=== Your instructions ===
Every line from the one holding "Minnie Mouse Gown Pink (2)" through the last line of the records must be retyped exactly, and no other line or picture may appear in the copy.

::::::::

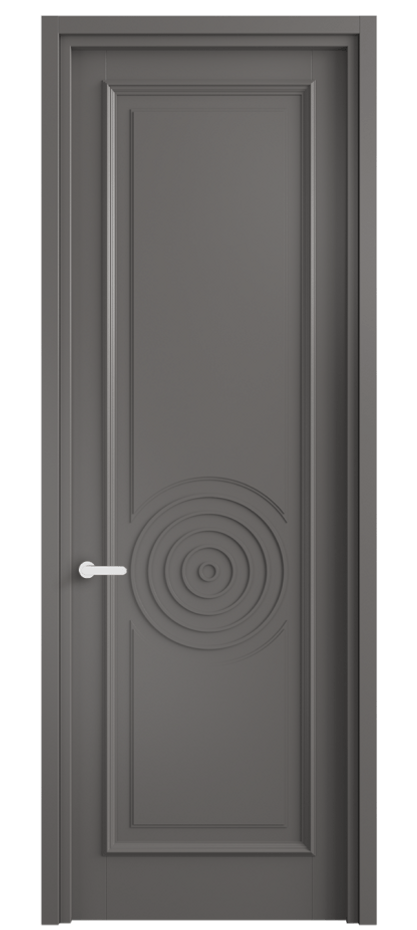 Межкомнатная дверь Шарм 6709 Матовый классический серый  Цена 5220 Br | Volhovec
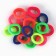 Hair gum "Murr" 20 pcs., Diam 2 cm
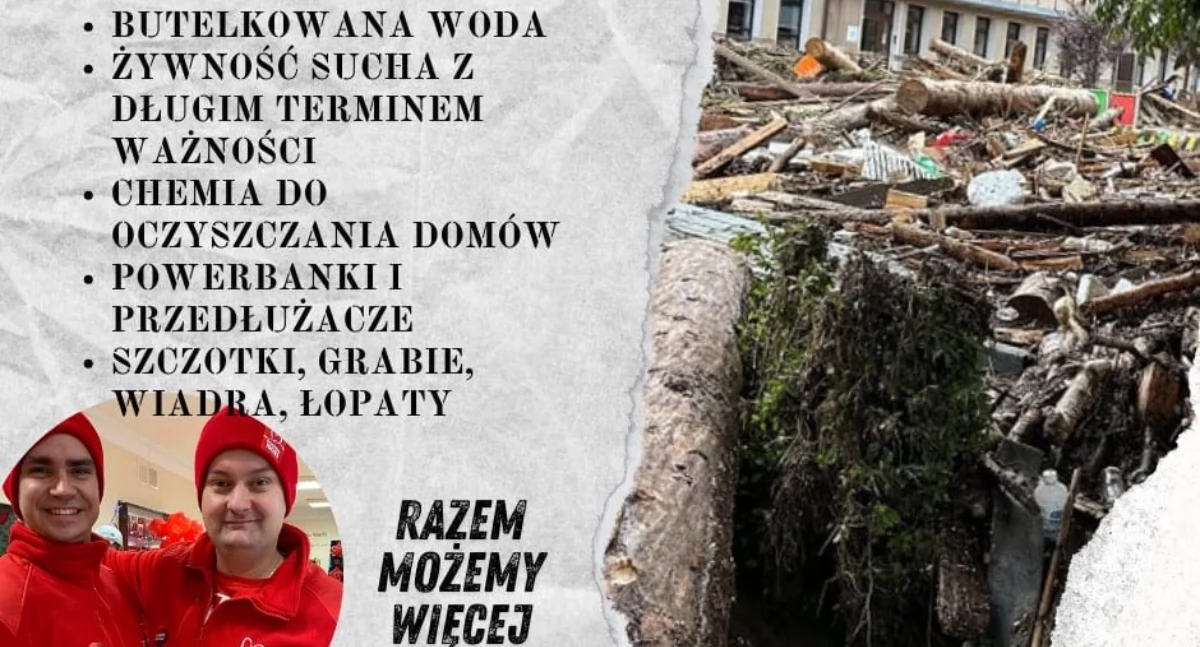 Łukowianie organizują pomoc dla Powodzian – Zbiórka tylko 18 września 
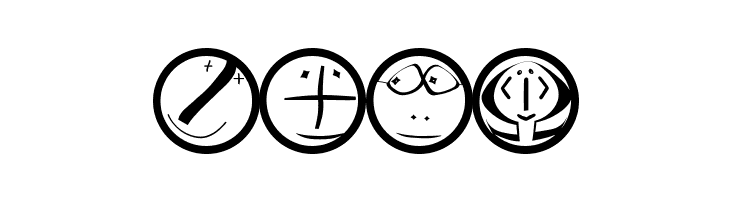 TheManyMKFacesVersionTwo  Free Fonts Download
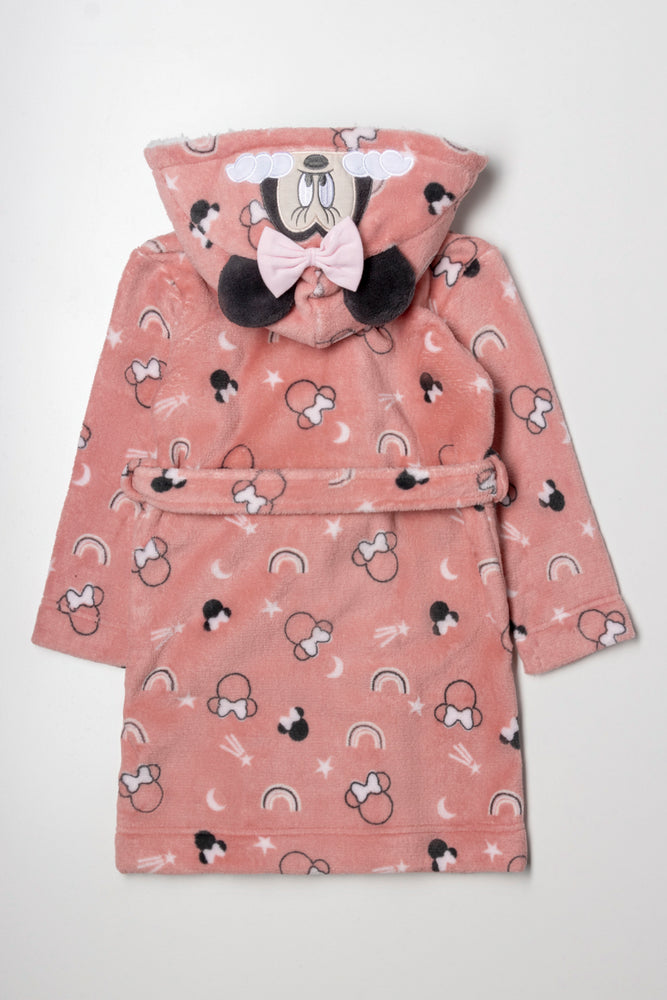 Minnie Mouse Gown Pink (2)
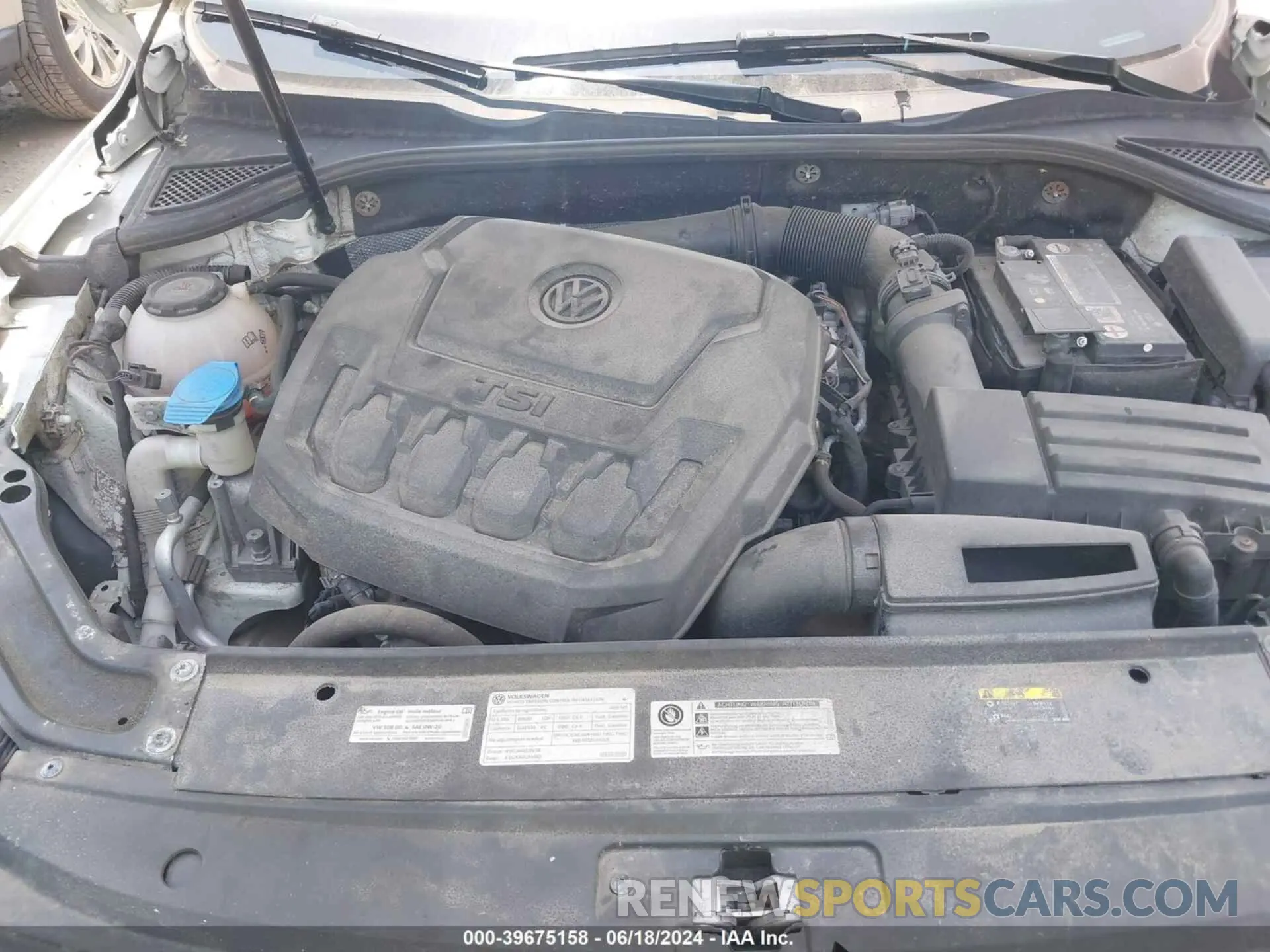 10 Photograph of a damaged car 1VWLA7A3XKC010173 VOLKSWAGEN PASSAT 2019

::::::::

=== Answer for this exercise ===
 Minnie Mouse Gown Pink (2)
 10 Photograph of a damaged car 1VWLA7A3XKC010173 VOLKSWAGEN PASSAT 2019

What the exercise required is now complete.